Echoing the agency's excavation of undervalued stocks with high "safety margin" in the research, since this year, the performance of undervalued blue chips has been significantly stronger than that of track stocks with large cumulative increase and high valuation. Since February 1, after falling by 12.45% in January, the gem index has further fallen by 0.87%, while the Shanghai and Shenzhen 300 index has increased by 1.93% in the same period.

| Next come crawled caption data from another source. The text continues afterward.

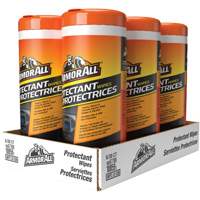 Lingettes protectrices originales Northern Industrial Supply Inc.
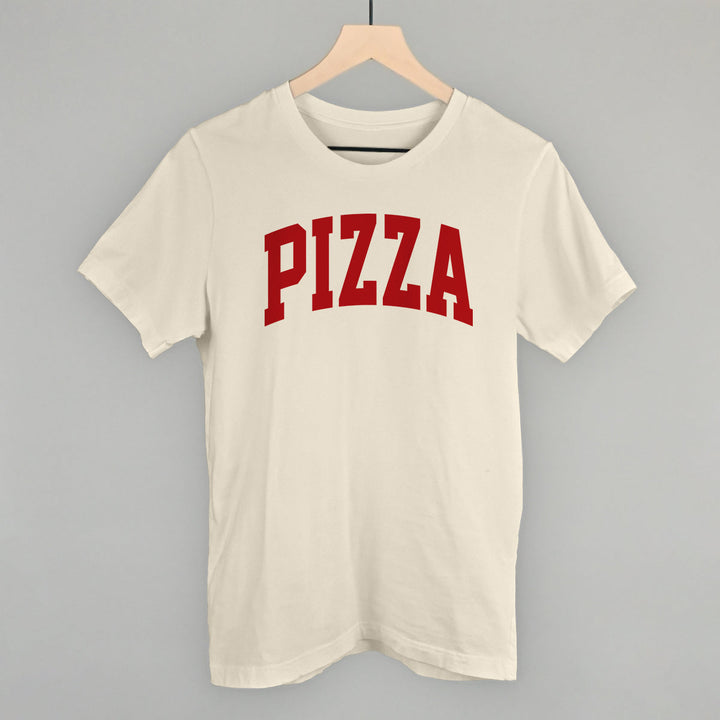 Pizza Arch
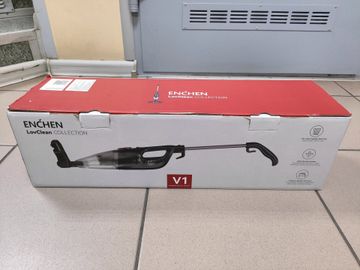 Б/в Пилосос Enchen vacuum cleaner v1 01-200912604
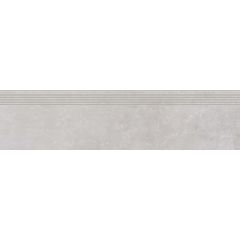 RAKO Dale DCPVD879 step tile grey 30x120 cm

The mainstream view of institutions is that "valuation repair" is still the main line of the current market, and value stocks are expected to continue to outperform high valuation growth stocks. Tianfeng Securities Co.Ltd(601162) it is expected that the short-term style of the market is expected to continue to switch to undervalued varieties, and the prosperity of the infrastructure sector is expected to rise in the first quarter of this year. It is suggested to continue to explore investment opportunities in the construction industry along the two main lines of prefabricated construction and undervalued blue chip.
Haitong Securities Company Limited(600837) said that historically, in the "steady growth" spring market, A-Shares tend to value first and then grow. For example, undervalued financial, real estate, new infrastructure and other sectors will rise first. Tan Li, the value style investment director of Harvest Fund, said she was optimistic about the large cap value stocks represented by banks and real estate. In addition, small cap growth stocks will still have more opportunities for individual stocks. In some subdivided manufacturing industries, excellent companies will stand out and need to be selected from bottom to top. Most of them have the logic of industrial upgrading, which is the strongest investment logic in the medium and long term. However, some stocks have increased significantly in the short term, which needs to be rebalanced.